Congratulations to Paul and to all the category winners, the runner up, Pamela Rawnsley, and all the honourable mentions.

Other open submission shows to check out:

Mostyn Open 2011 21 May – 09 July

National Eisteddfod of Wales, Wrexham 30 July – 06 August

Cardiff without artists?

Just a quick update on my last blog as there’s a lot of rumour and speculation flying around about the future of the Fine Art Course and the Sculpture Pathway in particular.

Here’s the latest press statement from UWIC:

UWIC is committed to ensuring that current students on CSAD programmes have every opportunity to continue their studies unaffected by the changes in the School.  To that end, measures will be put in place to ensure the delivery of the established curriculum to its conclusion in 2013 and that this will be of a high order, as is to be expected.

UWIC is currently engaged in a consultation process on academic staff appointments and no further comment will be made on this.

It is however important to say that suggestions that ‘75% of the staff in fine art have been sacked’ and that ‘88% of the cuts’ are falling on Fine Art are gross exaggerations, unnecessarily alarmist and extremely unhelpful manipulations of the facts.

This was in response to the posting on facebook, which has since been taken down after pressure was exerted.  Now I’ve been working with figures for many years and been in similar situations where I’ve been surrounded by people facing redundancies and an uncertain future and know that percentages and statistics can, as the old adage goes, be tortured until they tell you what you want to hear.

There are lots of sneaky things that can be done under what is euphemistically termed as “slotting in” or “redeployment”.

If the current exercise involves shunting existing staff to other departments within CSAD, but outside Fine Art, or the counting members of staff as one, even if they have .5  (ie half time status) then maybe the figures won’t look so bad – on paper.

I should, at this point, make it really clear that I have not gone after any members of staff for information, as I am keenly aware that their position is extremely vulnerable during the negotiation period.
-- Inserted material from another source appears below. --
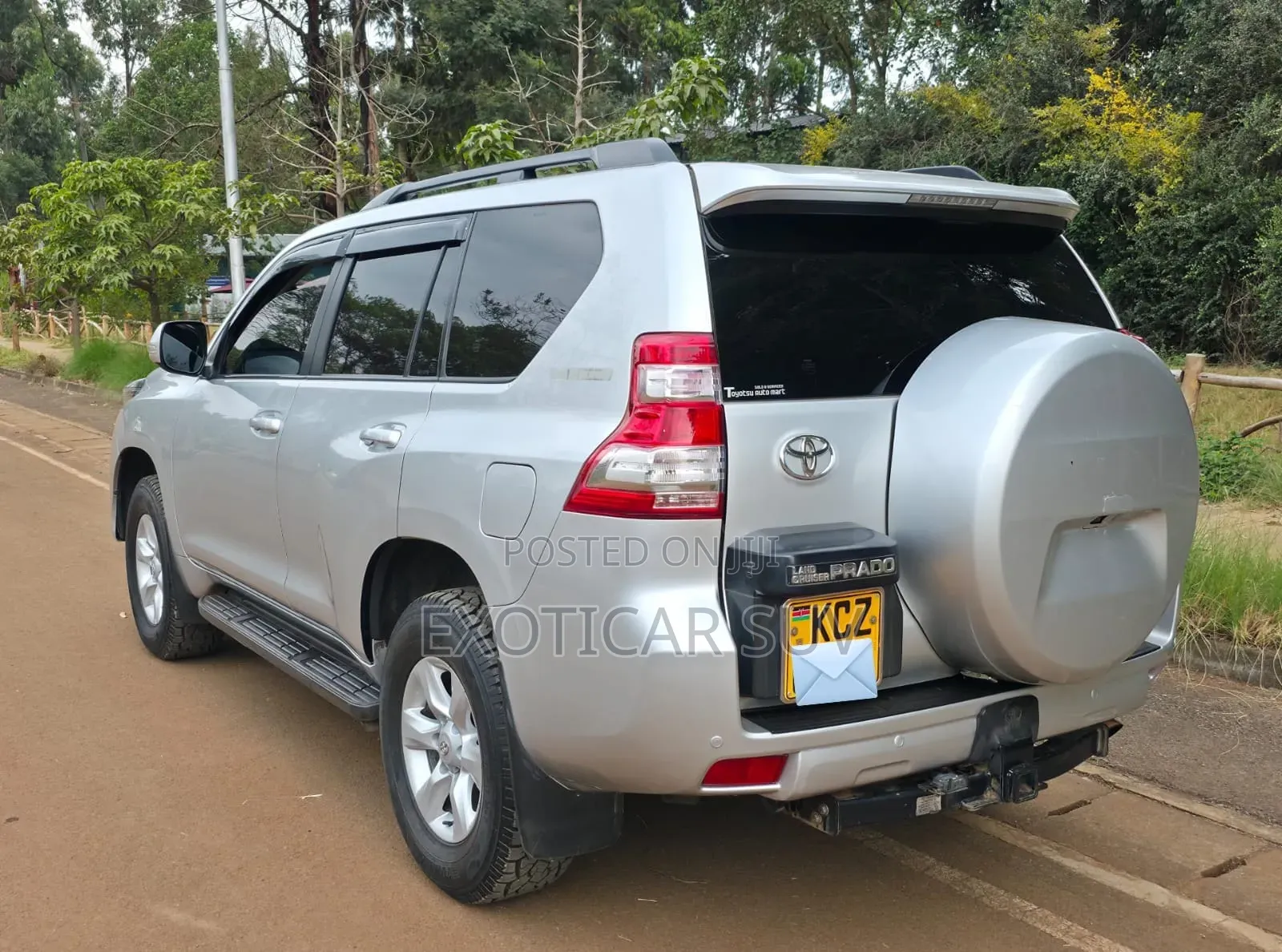 Toyota Land Cruiser Prado 2013 Gray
These observations are informed by too many years of experience.

Instead I’d like us all to be very clear about what is being lost if CSAD neuters its respected fine art department and what the closure of the Fine Art & Photography BA in Newport actually means:

While the sciences and design departments are very happy to track their students and report back on successes, there’s been very little done, in recent times, to actually find out what impact fine art graduates have on the cities and towns where they choose to study but, after over 25 years around this stuff, I can tell you that they:  Set up studio spaces, reinvigorating unloved buildings,  helping to create a new buzz around run-down areas; work in galleries; work in education at all levels; make scenery and props for the performing arts companies in Wales; take part in regeneration projects; work in communities; create festivals and one-off events that raise the profile and tourism offer of their area; promote Wales, through their hyper-active networking and exhibiting –  especially on the international stage – as a vibrant place, forward thinking and a good place to live and work.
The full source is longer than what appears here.